Malgré la pluie, ce dimanche, la petite tribune se remplit progressivement. L’entrée est gratuite. Le stade est occupé par les joueurs qui s’échauffent mais aussi des jeunes qui viennent tâter le ballon pour s’amuser. Pour chausser les crampons et porter le maillot, il suffit d’habiter dans les quartiers des Épinettes et des Aunettes. D’où l’appellation « Epinetzo », un jeu de mots entre « Épinettes » et « (Au)nettes ». Et bien sûr, savoir jouer au foot. « On a l’habitude de faire des matchs entre nous. Comme il y a plusieurs nationalités, on s’est dit qu’il fallait organiser ce type de tournoi », explique Moussa, co-organisateur. Sous ce dimanche pluvieux, deux matchs se jouent simultanément sur les deux parties de la pelouse synthétique. D’un côté, la Côte d’Ivoire défie les DOM-TOM, avec les Guadeloupéens, les Martiniquais, les Guyanais… De l’autre, le Congo se mesure au « Reste du monde », une équipe composée des Italiens, des Asiatiques et autres origines diverses du quartier.

C’est la seconde confrontation qui rassemble une grande partie du public. Pas de banderoles à l’horizon comme on peut le voir dans un stade mais des centaines de jeunes, déchaînés, prêts à encourager leurs champions respectifs. A l’image de Gracias, venu supporter le Congo. Lui-même originaire du pays, ce résident évryen âgé de 22 ans est convaincu de la victoire des siens, vêtus de maillots bleus. « Je pense que le Congo va l’emporter trois buts à un, pronostique-t-il. L’équipe d’en face a des qualités mais nos joueurs vont mouiller le maillot pour gagner ce match. Et c’est là l’essentiel ».

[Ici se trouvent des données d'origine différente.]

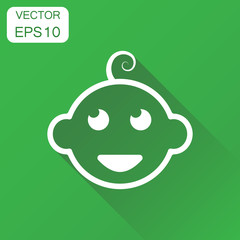 Newborn baby face icon. Business concept little baby pictogram. Vector illustration on green background with long shadow.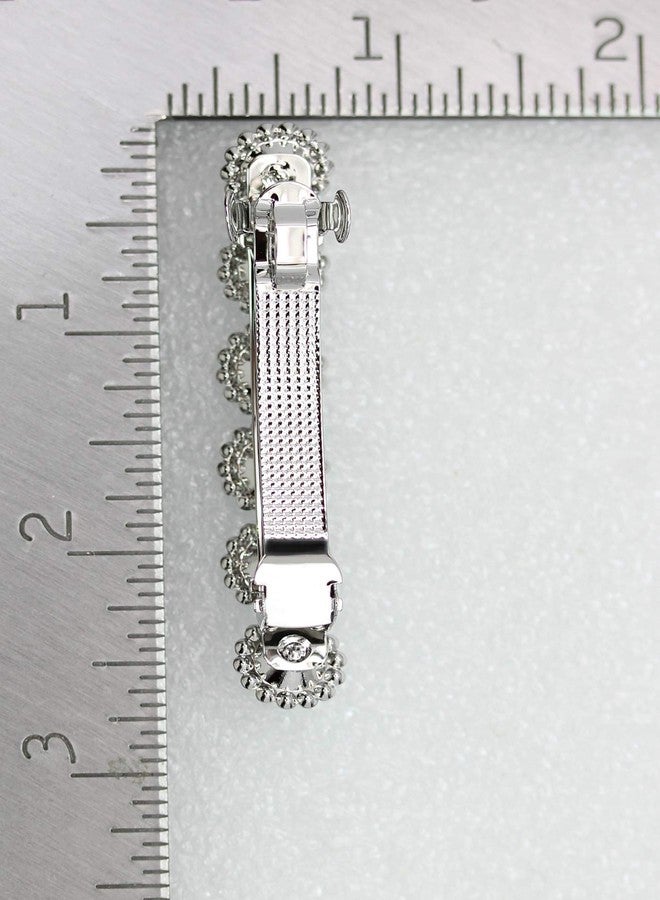 Faship Clear Rhinestone Crystal Floral Small Hair Barrette Clip - Image 5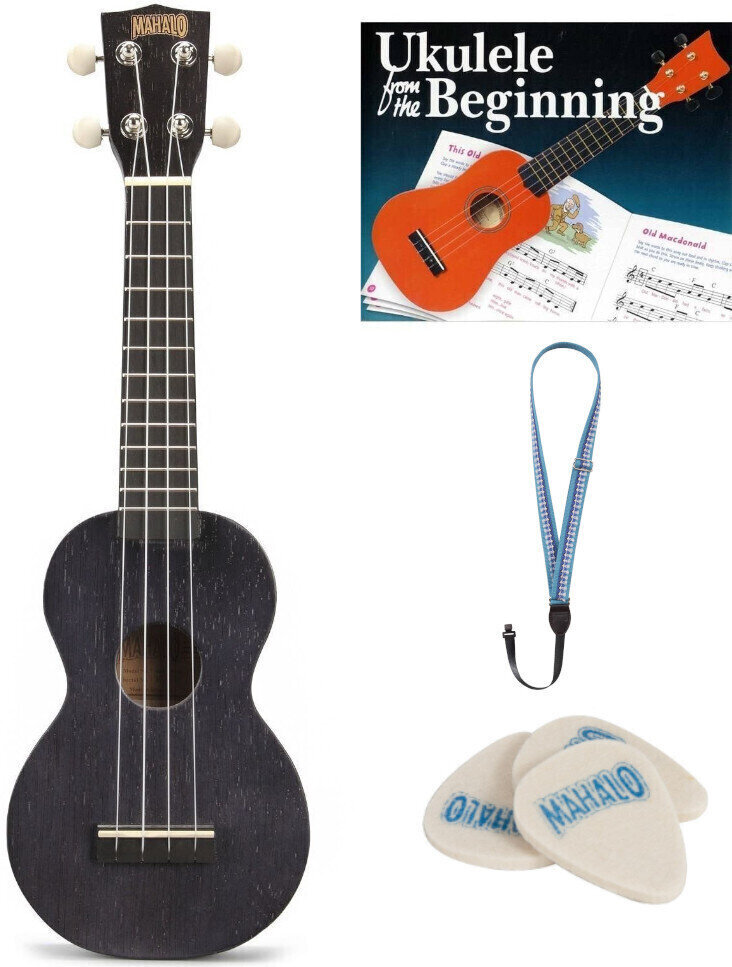 Soprano ukulele Mahalo MK1P-TBK SET Soprano ukulele Transparent Black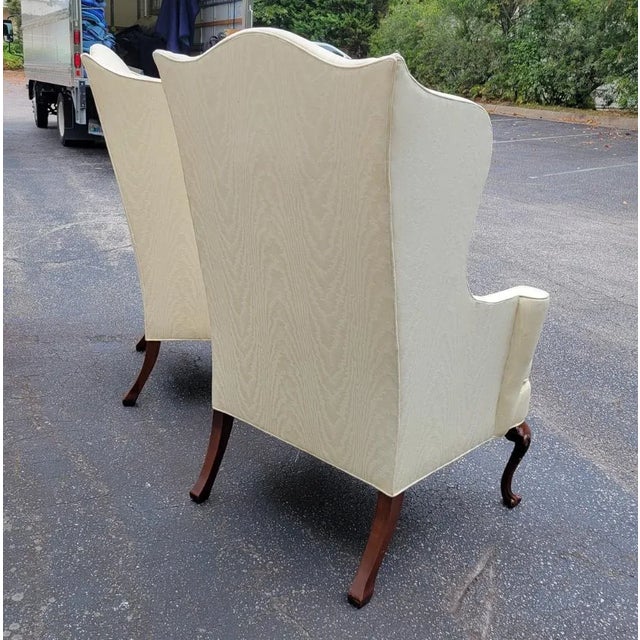 Pair of Southwood Queen Anne Wingback Chairs in Ivory Damask For Sale - Image 12 of 15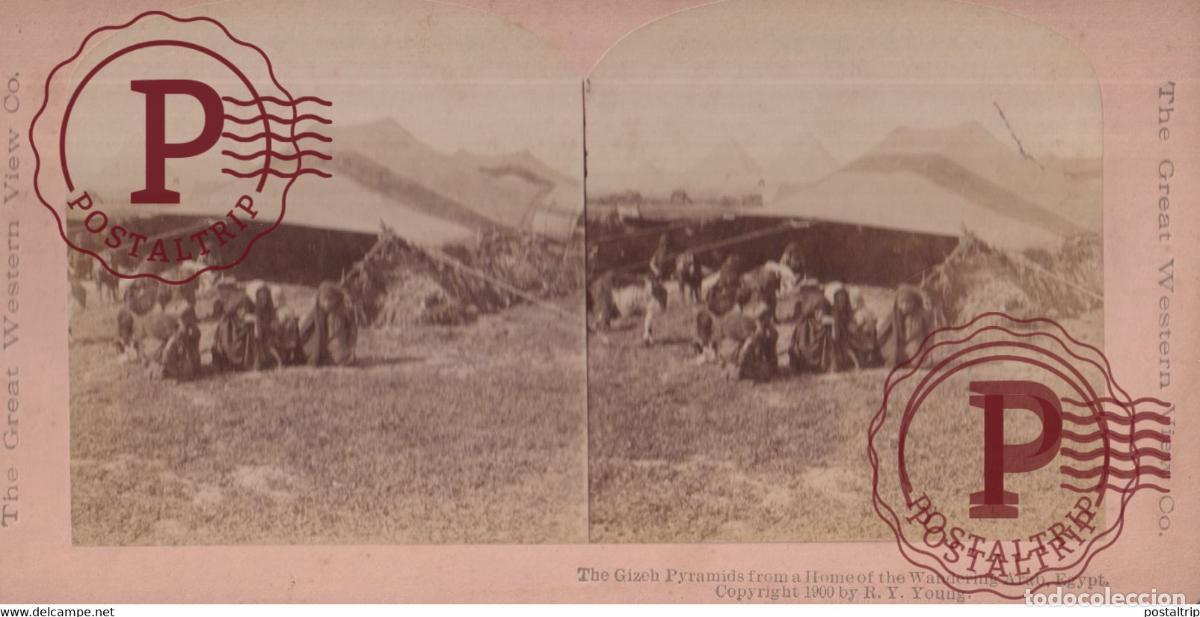 Alte Fotografie: EGYPTE EGIPTO EGYPT THE GIZEH PYRAMIDS WONDERING ARAB NOMADE PIRAMIDES +-17.5*8.5CM ESTEREOSCOPICA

Les supporters massés au bord du terrain, voire sur le terrain

Ça crée de l’ambiance, ça évite les embrouilles

Le match commence avec des retardataires qui viennent se tenir debout le long des lignes de touche, à proximité des quatorze footballeurs (sept joueurs par équipe). La partie s’emballe dès la première minute de jeu.  Des cris d’encouragements fusent de part et d’autre. Les actions dangereuses devant les buts font soulever certaines personnes. Chacun y va de ses commentaires à commencer par Darel, animateur résidant aux Aunettes. S’il espère la victoire du « Reste du monde », ce fan de Manchester United n’a d’yeux que pour le numéro 17 de l’équipe congolaise. Darel sort son portable et commence un Facebook Live, en mode commentateur de beIN Sports. « Le but a été marqué par le numéro 17, Jéro, qui habite dans le même quartier que moi, explique-t-il. Il a l’habitude de ce genre de rencontres. C’est une pièce maîtresse de l’équipe. S’il avait joué le premier match contre le Maroc (perdu 5-2, ndlr), l’issue de la rencontre aurait été différente. »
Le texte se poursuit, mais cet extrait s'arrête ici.